* _What the task requires_: Leaving out all pictures, reproduce the entries below exactly, from the first line through the line that contains "Luxe & Spacious".

* _Entries supplied_:
--- START ---

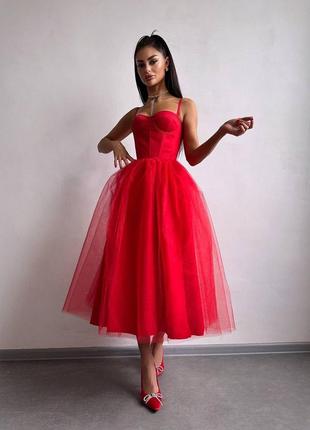 Красное вечернее платье миди с пышной юбкой из фатина и корсетом xs s m l 42 44 467 фото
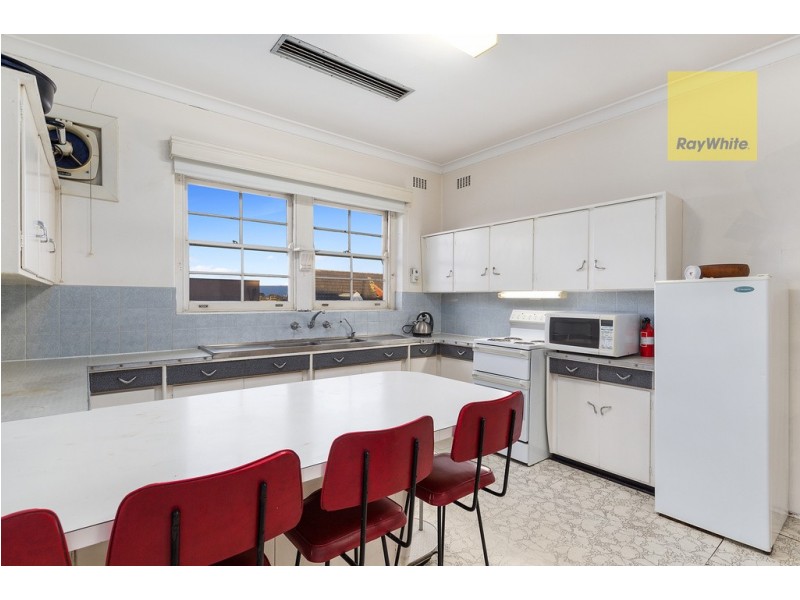 18 Renwick Street, West Beach SA 5024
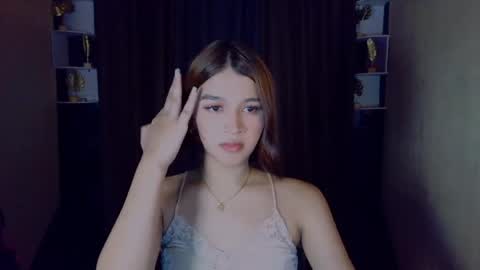 Snapshot of _xxlilly chatting on 05.06.26 _xxlilly online show from 05.06.26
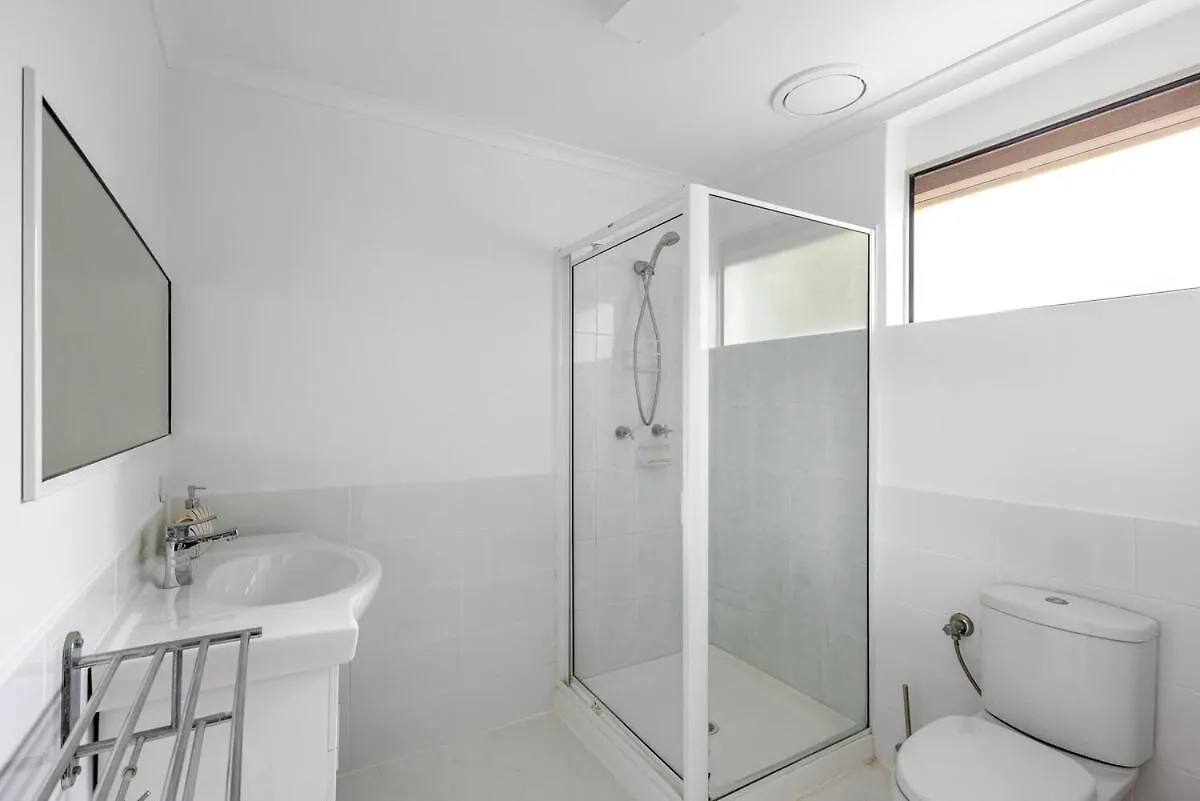 Luxe & Spacious Gem With Pool, Ocean Views, Snooker Table Alexandra Headland Semesterbostad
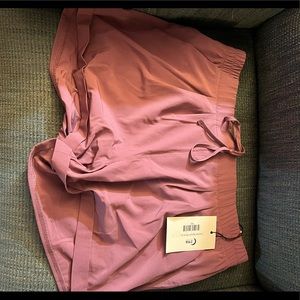 NWT Zyia Active Women’s Lavender Summer Shorts Size Large.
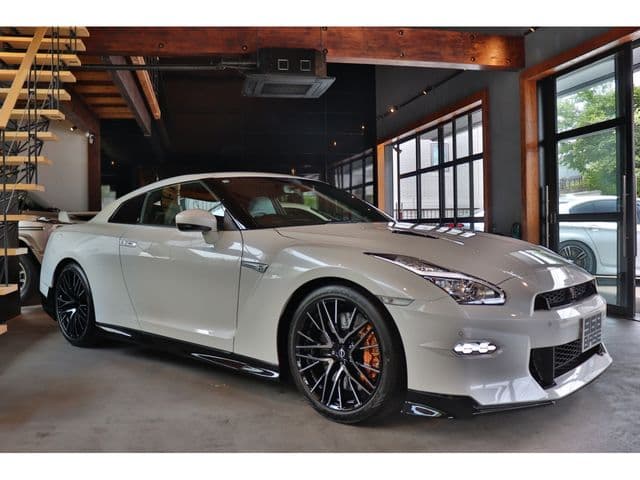 Car thumbnail 3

--- END ---

* _Answer below_:
 Красное вечернее платье миди с пышной юбкой из фатина и корсетом xs s m l 42 44 467 фото
 18 Renwick Street, West Beach SA 5024
 Snapshot of _xxlilly chatting on 05.06.26 _xxlilly online show from 05.06.26
 Luxe & Spacious Gem With Pool, Ocean Views, Snooker Table Alexandra Headland Semesterbostad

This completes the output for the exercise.